At the 24th Academy Awards in 1952, Elia Kazan’s adaptation of Tennessee Williams‘ A Streetcar Named Desire would walk away with three major awards, Best Actress, Best Supporting Actor and Best Supporting Actress. But three awards remained out of its reach, Best Actor for Marlon Brando, who lost to Humphrey Bogart (The African Queen), Best Director for Elia Kazan, who lost to George Stevens (A Place in the Sun) and Best Picture (An American in Paris). As with many runner-ups over the years, it now seems criminal that A Streetcar Named Desire was denied a full sweep, no matter how strong the competition.
As Blanche DuBois (Vivian Leigh) arrives in the French Quarter of New Orleans, she tells a stranger she is supposed to get the streetcar named ‘Desire’ – the one heading for the city’s Desire Street. After boarding ‘Desire’, she then changes to the streetcar ‘Cemeteries’ before finally alighting at ‘Elysian Fields,’ the home of her younger sister Stella and her husband, Stanley. From the outset, Williams and Kazan play with themes of paradise, desire and death and paint a vivid and detailed portrait of a woman caught between the three.
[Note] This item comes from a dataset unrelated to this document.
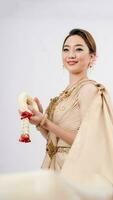 luxe portrait de une magnifique thaïlandais fille dans traditionnel thaïlandais costume en portant guirlande isolé sur blanc arrière-plan, identité culture de Thaïlande, identité culture de Asie photo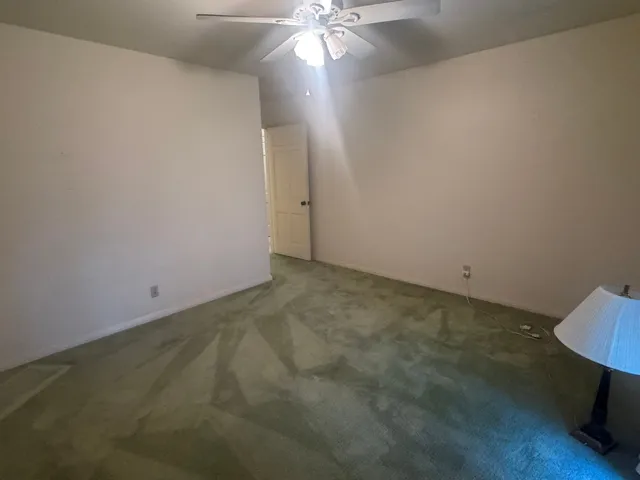 a bedroom with a bed and a mirror on the dresser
With a chest of fancy clothes and costume jewellery, the past is far deeper than the trunk at Blanche’s side. Why did she quit her schoolteacher’s job? What were those troubling rumours about her ‘entertaining’ habits? And why has she fled? Blanche finds her past, place, and presence in the French Quarter scrutinised and challenged by Stanley (Brando), a man who oozes sex from every pore and controls the home with a volatile energy. It’s clear from the outset that Blanche is attracted to his brutish charm as she jostles with him at every opportunity. One could argue she even dates Stanley’s close friend to get closer to him. But Blanche is also petrified of her feelings and scared of her desires. Is it possible that Blanche is a female representation of the gay male experience in 50s America? After all, she is the subject of rumour, ostracism and a hidden desire that can’t be fed.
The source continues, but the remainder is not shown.